Oakland Plans To Move Homeless From Tent Cities To Abandoned Hotels

OAKLAND (KPIX 5) — Oakland has a solution to house the growing number of homeless people living in tent cities in abandoned hotels. The city will have to move fast though, before developers buy up those buildings.

Roughly 2,700 people live in tents, cars or sleep under the bridge in Oakland. With the increased visibility, it’s hard to ignore the crisis and people like Dennis Mix.

“I lost my self, right now,” says Mix. “I’m not sure who I am anymore. Constantly moving, moving, moving. You know, wondering, wondering, wondering.”

Oakland city leaders voted to spend $14 million to buy single-room-occupancy hotels to house the homeless.

The city has not identified which hotels it will buy, but plans to buy at least one, maybe two in downtown Oakland.

They’re competing against real estate developers.

“That’s part of why it’s so important that we buy some of the remaining ones now before they get flipped to luxury condos,” says city councilmember Rebecca Kaplan.

Kaplan says instead of building new apartments, buying existing hotels will be faster and cheaper.

“People call it navigation center — let’s people get immediately off the streets into interim housing. So if they need drug treatment for example, they’re given a room to stay in while they’re matched for services.”

The goal is to get people into permanent housing.

Dennis says anything helps, because not enough has been done to house the homeless.

“I think it’s an excellent idea,” says Mix. “I’d jump right up in there.
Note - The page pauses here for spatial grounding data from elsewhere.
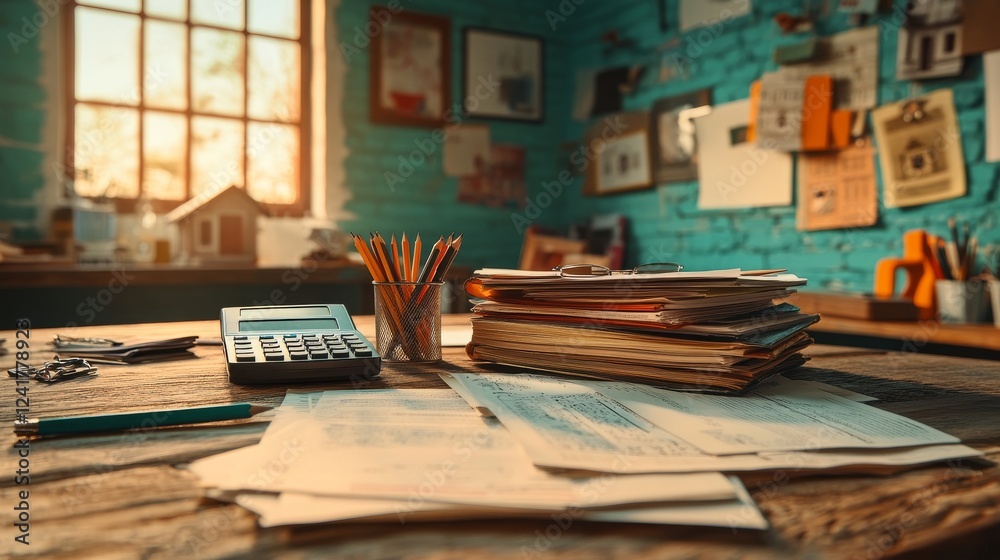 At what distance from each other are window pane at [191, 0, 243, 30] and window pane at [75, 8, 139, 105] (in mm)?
255

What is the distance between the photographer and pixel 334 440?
0.49 meters

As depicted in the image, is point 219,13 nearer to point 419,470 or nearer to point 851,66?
point 851,66

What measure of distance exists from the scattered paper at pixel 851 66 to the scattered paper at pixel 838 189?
0.15 meters

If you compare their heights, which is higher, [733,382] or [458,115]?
[458,115]

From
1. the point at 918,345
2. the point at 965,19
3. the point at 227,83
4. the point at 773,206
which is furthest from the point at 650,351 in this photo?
the point at 227,83

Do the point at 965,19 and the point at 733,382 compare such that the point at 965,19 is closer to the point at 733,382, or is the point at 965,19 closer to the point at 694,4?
the point at 694,4

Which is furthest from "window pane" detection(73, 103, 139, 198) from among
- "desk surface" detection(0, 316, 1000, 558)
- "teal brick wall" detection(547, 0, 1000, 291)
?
"desk surface" detection(0, 316, 1000, 558)

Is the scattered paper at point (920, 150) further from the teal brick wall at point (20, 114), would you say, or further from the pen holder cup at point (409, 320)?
the teal brick wall at point (20, 114)

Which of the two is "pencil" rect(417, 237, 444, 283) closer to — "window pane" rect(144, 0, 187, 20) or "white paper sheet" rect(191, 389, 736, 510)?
"white paper sheet" rect(191, 389, 736, 510)

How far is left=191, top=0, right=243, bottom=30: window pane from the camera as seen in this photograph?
327 centimetres

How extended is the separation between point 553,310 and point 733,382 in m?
0.22

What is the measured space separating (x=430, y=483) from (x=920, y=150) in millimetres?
2320

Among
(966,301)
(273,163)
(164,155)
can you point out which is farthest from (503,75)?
(966,301)

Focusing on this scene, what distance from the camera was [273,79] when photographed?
3.49 metres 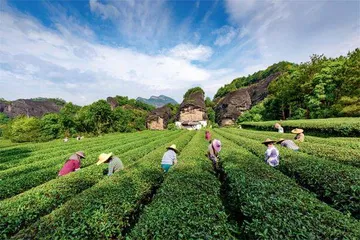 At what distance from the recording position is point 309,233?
283 cm

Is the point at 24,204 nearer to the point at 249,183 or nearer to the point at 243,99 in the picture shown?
the point at 249,183

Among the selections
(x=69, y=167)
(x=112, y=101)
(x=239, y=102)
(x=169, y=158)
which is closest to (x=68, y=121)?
(x=112, y=101)

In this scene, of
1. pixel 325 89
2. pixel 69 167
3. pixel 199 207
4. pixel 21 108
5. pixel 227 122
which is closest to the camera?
pixel 199 207

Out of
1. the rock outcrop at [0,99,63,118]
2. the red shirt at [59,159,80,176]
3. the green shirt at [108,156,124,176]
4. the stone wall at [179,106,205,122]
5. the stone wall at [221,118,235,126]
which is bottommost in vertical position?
the stone wall at [221,118,235,126]

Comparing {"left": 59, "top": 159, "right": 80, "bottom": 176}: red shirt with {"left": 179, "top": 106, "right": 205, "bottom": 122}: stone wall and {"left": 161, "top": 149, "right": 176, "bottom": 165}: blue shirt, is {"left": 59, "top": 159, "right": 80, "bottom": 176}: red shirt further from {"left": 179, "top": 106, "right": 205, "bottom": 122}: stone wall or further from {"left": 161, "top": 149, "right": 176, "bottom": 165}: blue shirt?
{"left": 179, "top": 106, "right": 205, "bottom": 122}: stone wall

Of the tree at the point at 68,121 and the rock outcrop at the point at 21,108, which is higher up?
the rock outcrop at the point at 21,108

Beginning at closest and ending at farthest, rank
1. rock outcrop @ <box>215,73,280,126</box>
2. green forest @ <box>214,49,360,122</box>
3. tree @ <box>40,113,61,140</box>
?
1. green forest @ <box>214,49,360,122</box>
2. tree @ <box>40,113,61,140</box>
3. rock outcrop @ <box>215,73,280,126</box>

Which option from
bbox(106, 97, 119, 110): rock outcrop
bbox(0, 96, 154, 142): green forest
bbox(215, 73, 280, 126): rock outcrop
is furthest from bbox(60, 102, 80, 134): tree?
bbox(215, 73, 280, 126): rock outcrop

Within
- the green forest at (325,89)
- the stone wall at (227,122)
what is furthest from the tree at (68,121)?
the green forest at (325,89)

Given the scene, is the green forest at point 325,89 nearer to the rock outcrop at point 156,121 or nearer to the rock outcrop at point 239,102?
the rock outcrop at point 239,102

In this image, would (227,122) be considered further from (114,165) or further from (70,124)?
(114,165)

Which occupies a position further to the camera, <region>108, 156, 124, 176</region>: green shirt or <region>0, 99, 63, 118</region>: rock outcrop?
<region>0, 99, 63, 118</region>: rock outcrop

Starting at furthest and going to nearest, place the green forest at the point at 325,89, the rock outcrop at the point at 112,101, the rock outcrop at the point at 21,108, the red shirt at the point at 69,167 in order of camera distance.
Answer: the rock outcrop at the point at 21,108 < the rock outcrop at the point at 112,101 < the green forest at the point at 325,89 < the red shirt at the point at 69,167

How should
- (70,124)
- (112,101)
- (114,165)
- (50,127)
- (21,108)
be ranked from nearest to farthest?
(114,165)
(50,127)
(70,124)
(112,101)
(21,108) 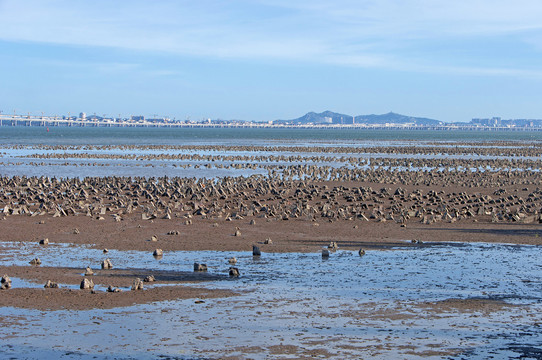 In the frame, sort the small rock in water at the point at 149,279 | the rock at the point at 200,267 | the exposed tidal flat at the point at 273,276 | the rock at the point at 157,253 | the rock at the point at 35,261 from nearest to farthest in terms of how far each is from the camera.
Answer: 1. the exposed tidal flat at the point at 273,276
2. the small rock in water at the point at 149,279
3. the rock at the point at 200,267
4. the rock at the point at 35,261
5. the rock at the point at 157,253

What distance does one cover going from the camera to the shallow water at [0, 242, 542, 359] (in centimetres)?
1016

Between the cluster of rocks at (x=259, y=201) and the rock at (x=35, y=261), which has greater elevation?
the cluster of rocks at (x=259, y=201)

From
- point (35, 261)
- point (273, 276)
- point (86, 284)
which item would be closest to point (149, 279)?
point (86, 284)

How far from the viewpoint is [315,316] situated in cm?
1192

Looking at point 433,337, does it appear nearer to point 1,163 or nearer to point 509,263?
point 509,263

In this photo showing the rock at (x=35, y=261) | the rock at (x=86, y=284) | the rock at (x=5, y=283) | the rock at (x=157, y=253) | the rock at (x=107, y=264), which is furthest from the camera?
the rock at (x=157, y=253)

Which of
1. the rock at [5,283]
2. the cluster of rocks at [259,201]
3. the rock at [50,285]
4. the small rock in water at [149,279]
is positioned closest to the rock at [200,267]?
the small rock in water at [149,279]

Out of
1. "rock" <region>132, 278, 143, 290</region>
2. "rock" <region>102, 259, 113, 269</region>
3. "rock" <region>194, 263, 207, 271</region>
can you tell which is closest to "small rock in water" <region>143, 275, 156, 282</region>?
"rock" <region>132, 278, 143, 290</region>

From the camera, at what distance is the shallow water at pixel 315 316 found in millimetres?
10164

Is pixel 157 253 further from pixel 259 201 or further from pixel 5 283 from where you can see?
pixel 259 201

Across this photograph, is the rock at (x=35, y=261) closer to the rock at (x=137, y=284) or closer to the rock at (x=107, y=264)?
the rock at (x=107, y=264)

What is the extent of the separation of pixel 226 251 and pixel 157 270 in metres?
2.88

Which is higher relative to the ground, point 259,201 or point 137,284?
point 259,201

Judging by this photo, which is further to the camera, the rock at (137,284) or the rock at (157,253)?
the rock at (157,253) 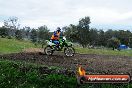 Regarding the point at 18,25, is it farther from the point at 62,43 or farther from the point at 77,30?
the point at 62,43

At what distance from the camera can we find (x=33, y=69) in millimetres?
16891

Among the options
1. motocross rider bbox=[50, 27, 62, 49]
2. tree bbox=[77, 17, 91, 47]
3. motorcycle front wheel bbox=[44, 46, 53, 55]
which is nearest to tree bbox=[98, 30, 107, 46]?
tree bbox=[77, 17, 91, 47]

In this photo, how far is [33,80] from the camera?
15.9m

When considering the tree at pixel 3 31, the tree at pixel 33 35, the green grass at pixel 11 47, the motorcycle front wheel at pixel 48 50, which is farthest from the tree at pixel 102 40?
the motorcycle front wheel at pixel 48 50

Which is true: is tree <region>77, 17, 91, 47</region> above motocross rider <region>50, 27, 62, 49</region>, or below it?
above

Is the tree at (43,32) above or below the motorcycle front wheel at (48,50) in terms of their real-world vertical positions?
above

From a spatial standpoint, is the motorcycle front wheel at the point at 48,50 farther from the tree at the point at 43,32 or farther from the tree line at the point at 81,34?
the tree at the point at 43,32

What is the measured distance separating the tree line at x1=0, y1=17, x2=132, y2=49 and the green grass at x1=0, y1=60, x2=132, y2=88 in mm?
33957

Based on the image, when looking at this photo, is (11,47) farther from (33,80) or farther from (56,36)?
(33,80)

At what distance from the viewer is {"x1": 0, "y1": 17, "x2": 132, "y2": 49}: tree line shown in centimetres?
6424

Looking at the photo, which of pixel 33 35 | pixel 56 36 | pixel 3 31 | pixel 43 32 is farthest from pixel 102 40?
pixel 56 36

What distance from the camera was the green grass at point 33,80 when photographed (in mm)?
15188

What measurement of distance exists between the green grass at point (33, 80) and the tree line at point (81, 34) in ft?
111

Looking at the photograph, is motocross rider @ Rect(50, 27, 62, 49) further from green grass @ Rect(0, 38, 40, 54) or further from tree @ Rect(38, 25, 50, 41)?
tree @ Rect(38, 25, 50, 41) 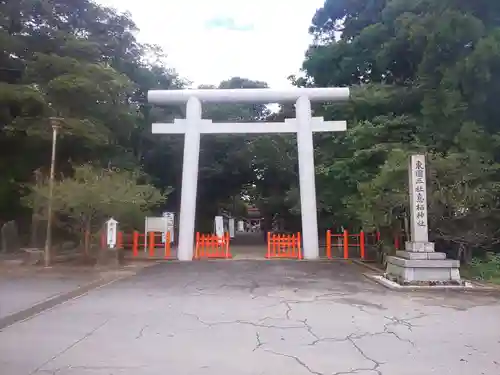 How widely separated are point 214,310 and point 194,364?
302cm

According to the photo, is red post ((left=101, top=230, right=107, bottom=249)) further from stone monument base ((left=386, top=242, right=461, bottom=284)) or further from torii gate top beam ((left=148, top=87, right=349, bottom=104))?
stone monument base ((left=386, top=242, right=461, bottom=284))

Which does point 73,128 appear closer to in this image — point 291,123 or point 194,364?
point 291,123

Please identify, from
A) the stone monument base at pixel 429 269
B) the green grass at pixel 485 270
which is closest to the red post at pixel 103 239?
the stone monument base at pixel 429 269

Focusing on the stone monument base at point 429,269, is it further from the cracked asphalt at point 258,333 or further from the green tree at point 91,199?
the green tree at point 91,199

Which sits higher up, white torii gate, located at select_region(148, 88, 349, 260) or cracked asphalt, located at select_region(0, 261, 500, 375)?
white torii gate, located at select_region(148, 88, 349, 260)

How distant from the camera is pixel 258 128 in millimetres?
19281

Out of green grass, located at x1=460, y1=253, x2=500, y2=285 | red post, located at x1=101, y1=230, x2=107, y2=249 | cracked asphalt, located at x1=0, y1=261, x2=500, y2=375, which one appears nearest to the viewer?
cracked asphalt, located at x1=0, y1=261, x2=500, y2=375

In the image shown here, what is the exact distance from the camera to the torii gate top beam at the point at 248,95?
18.9m

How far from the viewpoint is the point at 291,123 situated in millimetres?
19359

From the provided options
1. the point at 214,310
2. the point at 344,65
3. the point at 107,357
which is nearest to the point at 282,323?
the point at 214,310

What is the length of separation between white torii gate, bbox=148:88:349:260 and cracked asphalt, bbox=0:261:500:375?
26.0 feet

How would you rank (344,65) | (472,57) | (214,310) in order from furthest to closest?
(344,65)
(472,57)
(214,310)

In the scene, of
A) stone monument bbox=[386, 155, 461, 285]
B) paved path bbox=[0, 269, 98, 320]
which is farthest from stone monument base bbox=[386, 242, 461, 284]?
paved path bbox=[0, 269, 98, 320]

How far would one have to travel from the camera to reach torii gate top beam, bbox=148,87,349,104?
1892 cm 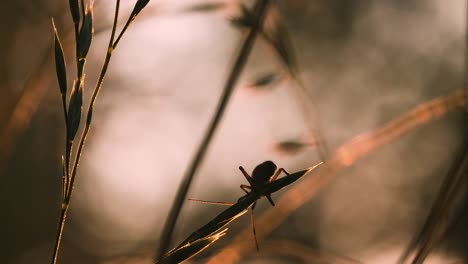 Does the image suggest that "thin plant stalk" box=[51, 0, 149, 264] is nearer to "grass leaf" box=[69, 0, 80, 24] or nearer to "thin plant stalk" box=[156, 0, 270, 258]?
"grass leaf" box=[69, 0, 80, 24]

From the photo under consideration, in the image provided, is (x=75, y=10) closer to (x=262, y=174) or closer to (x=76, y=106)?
(x=76, y=106)

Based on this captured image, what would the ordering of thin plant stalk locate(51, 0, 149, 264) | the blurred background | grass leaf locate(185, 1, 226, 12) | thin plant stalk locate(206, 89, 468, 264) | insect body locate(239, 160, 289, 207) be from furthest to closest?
the blurred background
grass leaf locate(185, 1, 226, 12)
thin plant stalk locate(206, 89, 468, 264)
insect body locate(239, 160, 289, 207)
thin plant stalk locate(51, 0, 149, 264)

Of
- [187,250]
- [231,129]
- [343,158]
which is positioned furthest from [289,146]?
[231,129]

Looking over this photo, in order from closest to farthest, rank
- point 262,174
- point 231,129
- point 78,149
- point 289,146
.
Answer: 1. point 78,149
2. point 262,174
3. point 289,146
4. point 231,129

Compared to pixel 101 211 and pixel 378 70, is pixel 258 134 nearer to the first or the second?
pixel 378 70

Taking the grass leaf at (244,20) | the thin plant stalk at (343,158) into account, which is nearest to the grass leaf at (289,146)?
the thin plant stalk at (343,158)

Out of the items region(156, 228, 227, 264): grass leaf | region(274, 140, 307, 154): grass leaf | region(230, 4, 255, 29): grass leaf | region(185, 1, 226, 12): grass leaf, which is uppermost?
region(185, 1, 226, 12): grass leaf

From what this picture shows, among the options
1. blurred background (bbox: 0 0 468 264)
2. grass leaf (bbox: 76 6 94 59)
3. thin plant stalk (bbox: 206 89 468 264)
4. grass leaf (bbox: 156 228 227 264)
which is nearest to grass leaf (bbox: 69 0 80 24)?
grass leaf (bbox: 76 6 94 59) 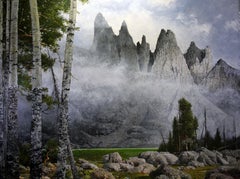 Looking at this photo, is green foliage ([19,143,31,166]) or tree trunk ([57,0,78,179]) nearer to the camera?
tree trunk ([57,0,78,179])

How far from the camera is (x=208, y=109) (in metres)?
11.1

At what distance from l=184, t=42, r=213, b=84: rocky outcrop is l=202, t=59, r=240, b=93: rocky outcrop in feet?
0.51

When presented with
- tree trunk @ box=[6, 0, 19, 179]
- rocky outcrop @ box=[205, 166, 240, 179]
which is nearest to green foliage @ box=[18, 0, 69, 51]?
tree trunk @ box=[6, 0, 19, 179]

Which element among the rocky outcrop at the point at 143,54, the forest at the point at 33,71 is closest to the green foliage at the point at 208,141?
the rocky outcrop at the point at 143,54

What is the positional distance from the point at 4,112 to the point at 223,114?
575 centimetres

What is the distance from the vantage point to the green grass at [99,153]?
11031 millimetres

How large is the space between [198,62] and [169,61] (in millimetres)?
788

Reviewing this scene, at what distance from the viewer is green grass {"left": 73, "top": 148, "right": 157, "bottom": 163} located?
36.2ft

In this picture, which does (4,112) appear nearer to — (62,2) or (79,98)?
(79,98)

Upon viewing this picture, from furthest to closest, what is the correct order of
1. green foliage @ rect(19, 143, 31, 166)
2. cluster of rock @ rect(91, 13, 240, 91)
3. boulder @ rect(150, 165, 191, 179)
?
green foliage @ rect(19, 143, 31, 166), cluster of rock @ rect(91, 13, 240, 91), boulder @ rect(150, 165, 191, 179)

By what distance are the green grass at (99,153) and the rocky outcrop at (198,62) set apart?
2.47 m

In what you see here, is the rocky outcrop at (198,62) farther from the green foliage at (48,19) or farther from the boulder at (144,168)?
the green foliage at (48,19)

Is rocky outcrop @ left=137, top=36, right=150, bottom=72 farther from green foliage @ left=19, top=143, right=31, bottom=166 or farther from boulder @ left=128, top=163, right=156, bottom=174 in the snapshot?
green foliage @ left=19, top=143, right=31, bottom=166

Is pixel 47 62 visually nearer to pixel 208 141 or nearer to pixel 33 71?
pixel 33 71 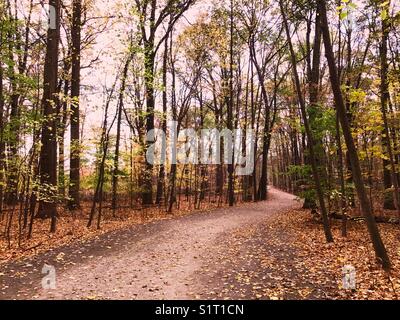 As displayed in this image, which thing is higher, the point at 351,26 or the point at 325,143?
the point at 351,26

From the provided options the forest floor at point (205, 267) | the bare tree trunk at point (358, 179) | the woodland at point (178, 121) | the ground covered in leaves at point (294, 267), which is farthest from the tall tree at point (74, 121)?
the bare tree trunk at point (358, 179)

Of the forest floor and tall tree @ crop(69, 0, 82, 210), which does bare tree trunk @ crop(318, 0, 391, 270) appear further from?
tall tree @ crop(69, 0, 82, 210)

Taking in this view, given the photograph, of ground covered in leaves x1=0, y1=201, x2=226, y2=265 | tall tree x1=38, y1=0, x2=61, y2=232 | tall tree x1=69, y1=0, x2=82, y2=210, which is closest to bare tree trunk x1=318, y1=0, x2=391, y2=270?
ground covered in leaves x1=0, y1=201, x2=226, y2=265

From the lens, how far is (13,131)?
14680 mm

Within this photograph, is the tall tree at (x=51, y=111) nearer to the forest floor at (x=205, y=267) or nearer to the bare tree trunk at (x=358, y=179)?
the forest floor at (x=205, y=267)

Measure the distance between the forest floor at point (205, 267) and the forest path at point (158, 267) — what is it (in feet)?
0.07

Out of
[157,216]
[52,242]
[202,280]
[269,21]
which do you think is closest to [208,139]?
[269,21]

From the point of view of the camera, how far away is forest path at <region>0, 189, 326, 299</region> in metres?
6.56

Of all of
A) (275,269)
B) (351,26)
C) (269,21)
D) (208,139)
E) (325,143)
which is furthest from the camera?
(208,139)

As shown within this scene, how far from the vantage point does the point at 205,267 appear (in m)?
8.25

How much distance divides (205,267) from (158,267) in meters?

I’d be first in line for it.”

John Hanahoe has been living in his van.

“Fourteen million is a good start I guess, but it’s just a band aid on a compound fracture.”

Councilmember Kaplan says they have to start somewhere, and more plans are on the way.

Oakland hopes to close the deal on a hotel by the end of 2017.

The money will come from voter-approved Measure KK. The city will find a separate funding source for services and support in those building.

Comments

One Comment

  1. yes, this will help many of the homeless. but there is a large number of them who are behaviorally unfit to live in housing. they destroy rooms, and cant get along with others, due to severe mental illness and chronic drug and alcohol abuse. if you let too many of them into any housing, they will drive out others, letting it become a drug den, or they will be kicked out, repeatedly. we need to enforce the new Ala Cty law that allows some chronic mentally ill to be forced to take meds (i know, it sounds awful, but you have NO IDEA how difficult some of these people are to stabilize. they have ZERO insight into having an MI). and, we need a massive increase in effective drug treatment. our detox beds are very limited, programs are often not evidence based (enough with 12 step as a model for a drug program, its not proven, it only works for those who want it and can use it well).

  2. Sarah Rose says:

    Thank you Oakland!! This is a great start.

  3. Oakland should use the power of eminent domain to acquire these properties for homeless housing rather than competing with developers for them. I also agree that people will mental illness should be forced to take their meds rather than inflict themselves on other people just trying to survive.